I will add that the Large Block option is enabled for the SSD_ZPOOL_1 pool.

Best Regards
Orion8888
 

Attachments

  • PX_BUG_REPLICATION_BLOCK_SIZE_1024k_node_B.png
    PX_BUG_REPLICATION_BLOCK_SIZE_1024k_node_B.png
    24.8 KB · Views: 25
  • PX_BUG_REPLICATION_BLOCK_SIZE_128k_node_A.png
    PX_BUG_REPLICATION_BLOCK_SIZE_128k_node_A.png
    19.6 KB · Views: 25
Last edited:
From the `zfsprops` man page (`man zfsprops`):
Code:
     volblocksize          For volumes, specifies the block size of the volume.  The blocksize cannot be changed once the volume has been written, so it should be set at volume creation time.  The default blocksize for volumes is 8
                           Kbytes.  Any power of 2 from 512 bytes to 128 Kbytes is valid.

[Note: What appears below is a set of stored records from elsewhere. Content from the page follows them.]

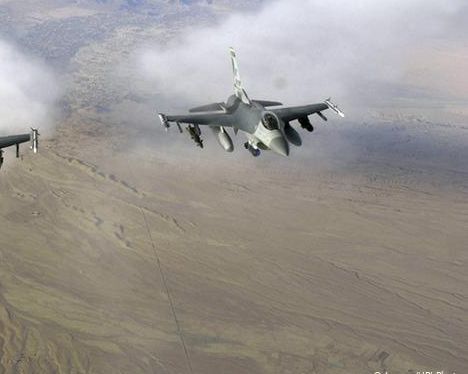 سفیر افغانستان: حمایت نیروی هوایی آمریکا برای مقابله با حملات طالبان بسیار محدود است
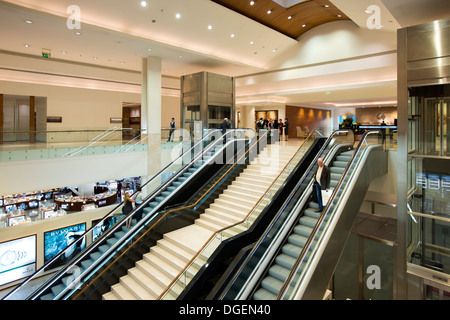 Le Qatar, EMIRATS ARABES UNIS. L'aéroport de Doha, Classe Affaires Premium réception Terminal Banque D'Images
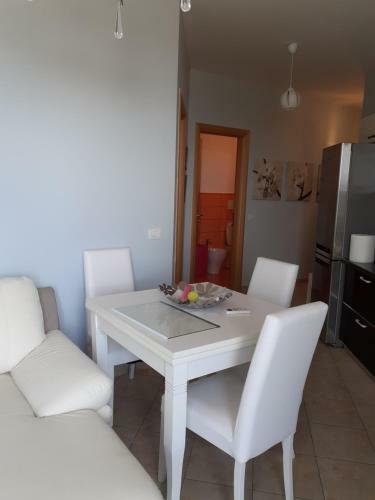 Fred Apartment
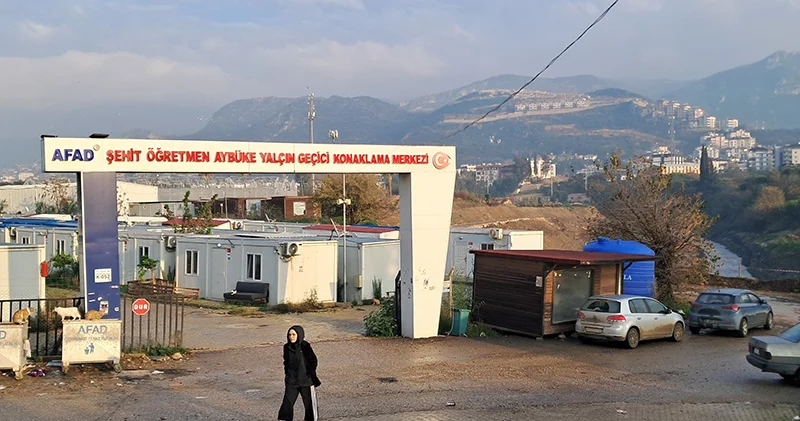 Hatay’da Öğretmen Aybüke Yalçın konteyner kenti tahliye edilmek isteniyor: Evlerimiz bitmeden nereye gideceğiz?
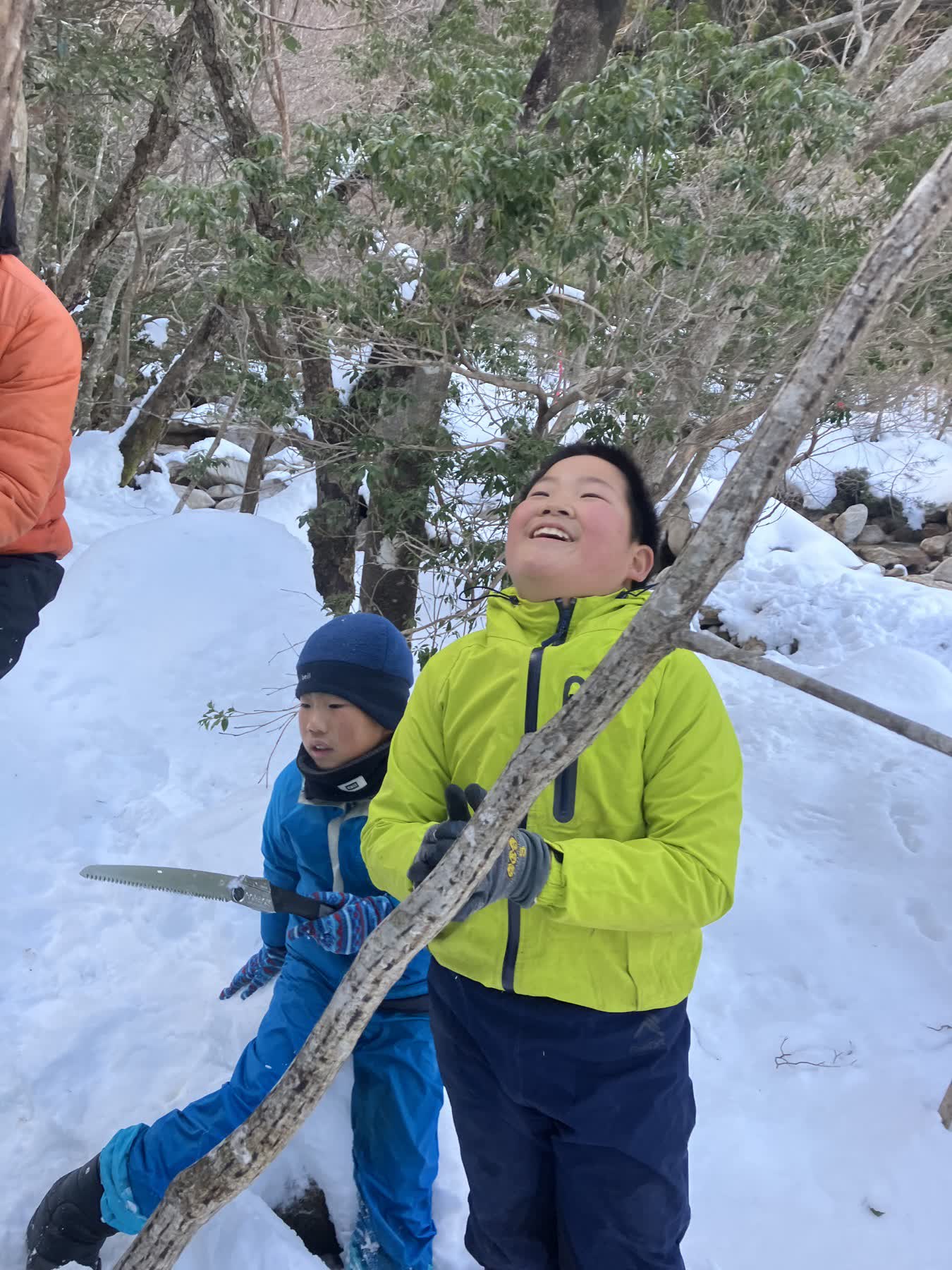 雪山で活動する深山組の子ども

I'm not sure how you created one with a volblocksize of 1MiB, but at least based on the man page it should not be possible.

Could you explain it in details how you did that?

Were the pools on both machines created with the same `ashift`?
 
Could you explain it in details how you did that?
That can easily be done on a PVE node (pool is using ashift=12):
Code:
root@j3710:~# zfs create -V 1G -o volblocksize=1M VMpool/1Mzvol
root@j3710:~# zfs get volblocksize VMpool/1Mzvol
NAME           PROPERTY      VALUE     SOURCE
VMpool/1Mzvol  volblocksize  1M        -

Would be a terrible idea because of the massive overhead when doing small reads/writes, but still possible ;)
 
Last edited:
From the `zfsprops` man page (`man zfsprops`):
Code:
     volblocksize          For volumes, specifies the block size of the volume.  The blocksize cannot be changed once the volume has been written, so it should be set at volume creation time.  The default blocksize for volumes is 8
                           Kbytes.  Any power of 2 from 512 bytes to 128 Kbytes is valid.

I'm not sure how you created one with a volblocksize of 1MiB, but at least based on the man page it should not be possible.

Could you explain it in details how you did that?

Were the pools on both machines created with the same `ashift`?

It's very easy to do that :)
I just did it from the webgui by entering the appropriate value in the block size field when adding a new datastore.

The question is why when I start replication, after replication on the second node, the block size is 128k and it should be 1M.
 

Attachments

  • Create_1024k_block.png
    Create_1024k_block.png
    9 KB · Views: 22
That can easily be done on a PVE node (pool is using ashift=12):
Code:
root@j3710:~# zfs create -V 1G -o volblocksize=1M VMpool/1Mzvol
root@j3710:~# zfs get volblocksize VMpool/1Mzvol
NAME           PROPERTY      VALUE     SOURCE
VMpool/1Mzvol  volblocksize  1M        -

Would be a terrible idea because of the massive overhead when doing small reads/writes, but still possible ;)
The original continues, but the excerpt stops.